Communication Builds Our Community

Seminole Hotel Owner Asks City to Halt Foreclosure, Waive Fines

Henry Kebabjian is not giving up on his plans to redevelop the historic Seminole Hotel and is still hoping to convince Lake Wales city commissioners to drop their foreclosure action, waive code enforcement fines and allow him to go forward with the project.

Kebabjian told commissioners at their Dec. 1 meeting that he now has more than $40,000 invested in the hotel, which he purchased for $10,500 in August. He said he has purchased property for parking south of the hotel on First Street, ordered an appraisal, and hired contractors for electrical, plumbing, painting and a fire sprinkler system. He said he also has estimates for new doors, windows and roofing and is working to purchase title insurance.

Speaking during the communications and petitions section of the meeting, Kebabjian asked to be placed on a future agenda, when the commission could take action on his requests. City Manager James Slaton said he will bring options for the commission to discuss at their Dec. 9 agenda workshop meeting to determine what action item to put on the regular meeting agenda Dec. 15.

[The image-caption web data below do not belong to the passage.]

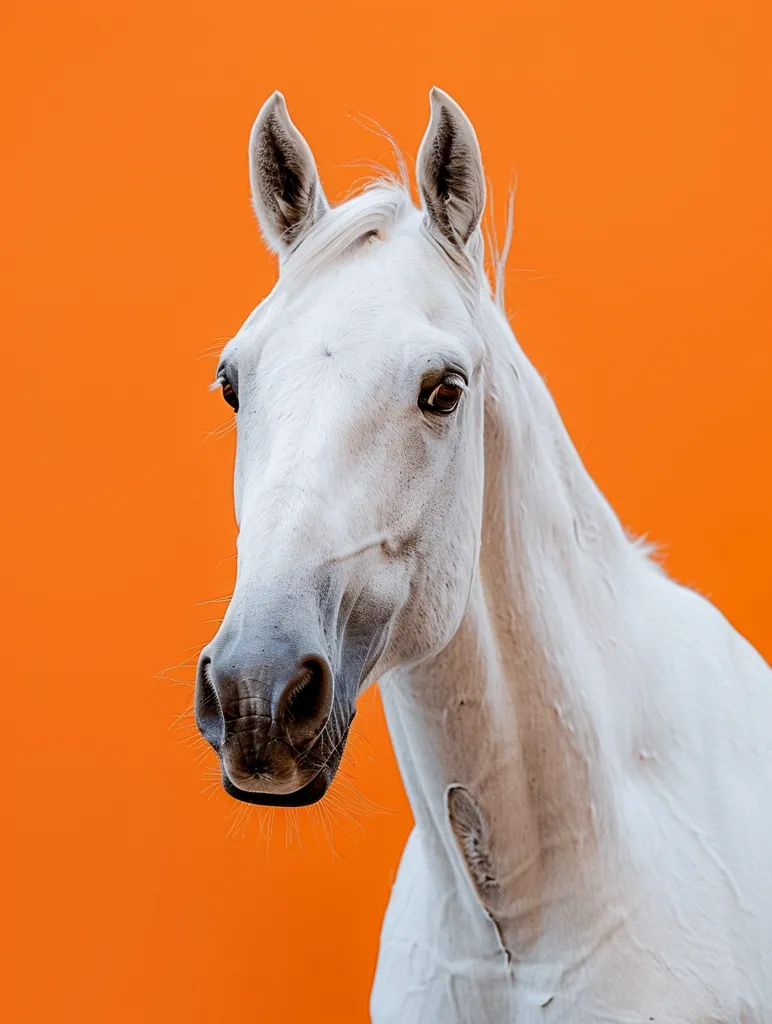 A white horse with a dark nose and large, dark eyes stares directly at the camera. Its mane is windblown, and its coat is smooth and glossy. The horse is set against a bright orange background, creating a stark contrast between the two colors. The image is taken from a close-up perspective, focusing on the horse's head and neck.  The horse's gaze is intense and captivating.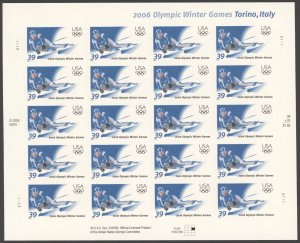 2006 US Scott #3995 39c Torino, Italy Winter Olympics, Sheet of 20 MNH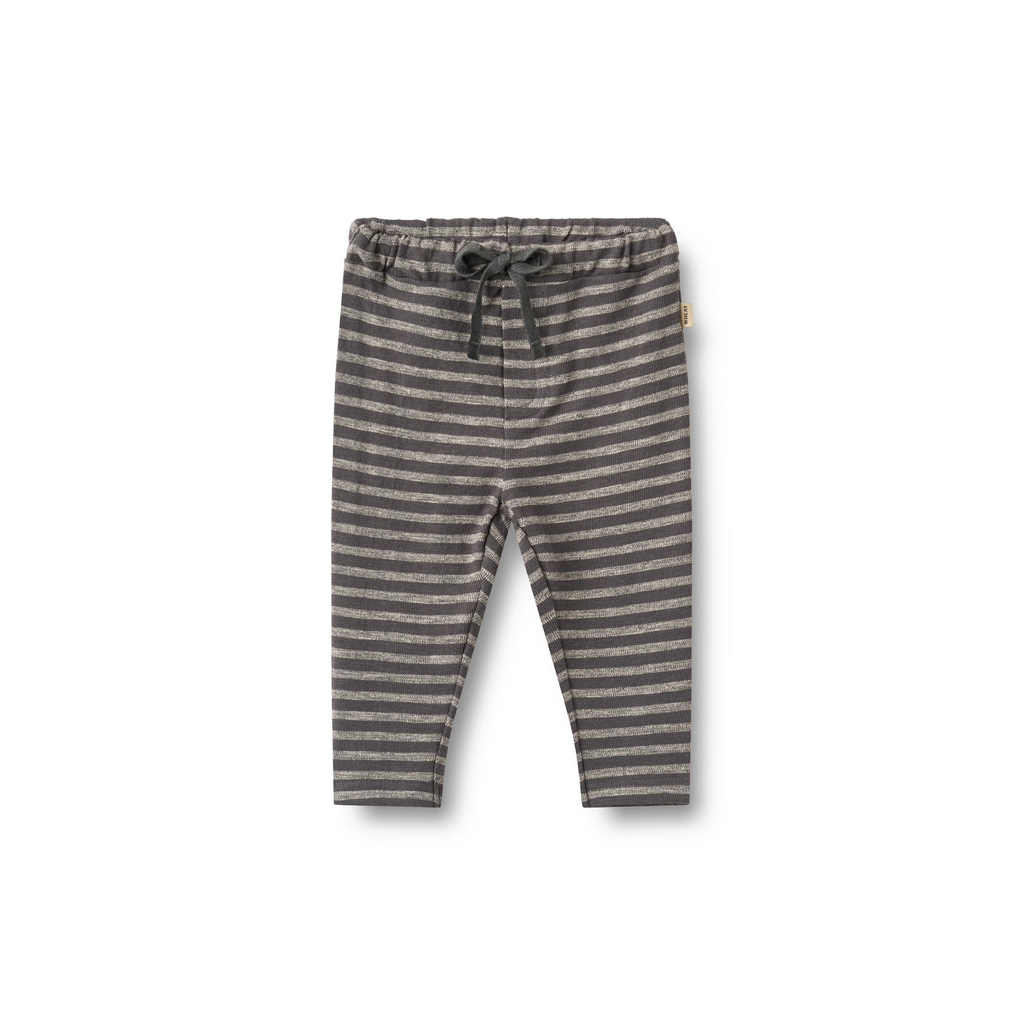 Short en jersey Manfred - Rayures anthracite foncé - Coton biologique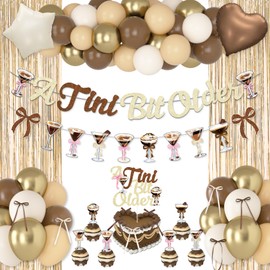 Ouddy Party A Tini Bit Older Birthday Decorations, Gold Brown Glitter Tiny Bit Older Banner Balloon Garland Cake Toppers Bows Fringe Curtain for Girls Women Espresso Martini Bar Bachelorette Party Decor Supplies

City Attorney Chuck Galloway said he is waiting for a hearing to be scheduled on the pending foreclosure action. The hotel was shut down in 2017 as unsafe due to multiple code violations. The city's code enforcement board approved moving forward with foreclosure after recent owner Cardiff Howell of Orlando was unable to submit an acceptable renovation plan, and attempts by local developer Ray Brown to purchase the property fell through in June. Howell bought the 14,776-square-foot hotel in March 2010 for $630,000. Property appraiser records list the market value of the historic structure, built in 1929, as $101,000, a drop of $80,000 since 2017.

"This action is pending and it's going forward until this body says don't do it," Galloway said, noting Kebabjian could purchase the property at the foreclosure sale if he is willing to reimburse the city $11,000 in back taxes, pay attorney fees, court costs and administrative fines of more than $270,000 that continue to accrue at $250 per day. The city also wants to collect about $6,000 for an environmental study to determine asbestos content in the building.

Kebabjian said the foreclosure is "not going to happen," even if he has to pay off the code enforcement liens and other costs, which now total about $290,000. He told commissioners if they don't waive the fines it will delay the project and he will not be able to redo the building exterior with new stucco, doors and windows.

"So you're saying if we don't do what you want it will be a shoddy building?" asked Commissioner Terrye Howell.

Kebabjian told commissioners if they work with him to offer a fine amnesty program he would have the hotel exterior completely redone within one year. Last month he told them he had a loan commitment, and that he planned to restore the first floor of the hotel with retail storefronts and a restaurant before renovating hotel rooms on the second and third floors. Kebabjian also said he made $170,000 in net profit from the sale of Giorgio's restaurant on Stuart Avenue downtown.

"The money I've made in Lake Wales I'm reinvesting in Lake Wales," Kebabjian said, noting if the city refuses to compromise, "All they are going to do is scare other investors away."

Galloway and Slaton are recommending that the city foreclose on the hotel, then transfer it to the city's Community Redevelopment Agency, which can then seek proposals from possible developers. Galloway said the foreclosure action will help the city get clear title to the property.

Kebabjian said he now has a quit claim deed from Howell's ex-wife, Myra Howell Smith, so the only issues with the title are the city's liens.

He originally budgeted $350,000 for the Seminole restoration and having to pay off the fines will only delay the project, Kebabjian said.

"I have no problem paying the money – a fair number, not the fines since day one," Kebabjian said. "All I'm saying is let's be fair."


Reader Comments(1)

gator63 writes:

Based on the Walesbilt project, the city would be better served by sitting down with the owner and working out a time schedule for completion. Then reduce the fines according to amount spent by the owner in making the renovations. The city should also hire an outside project management firm to oversee the work.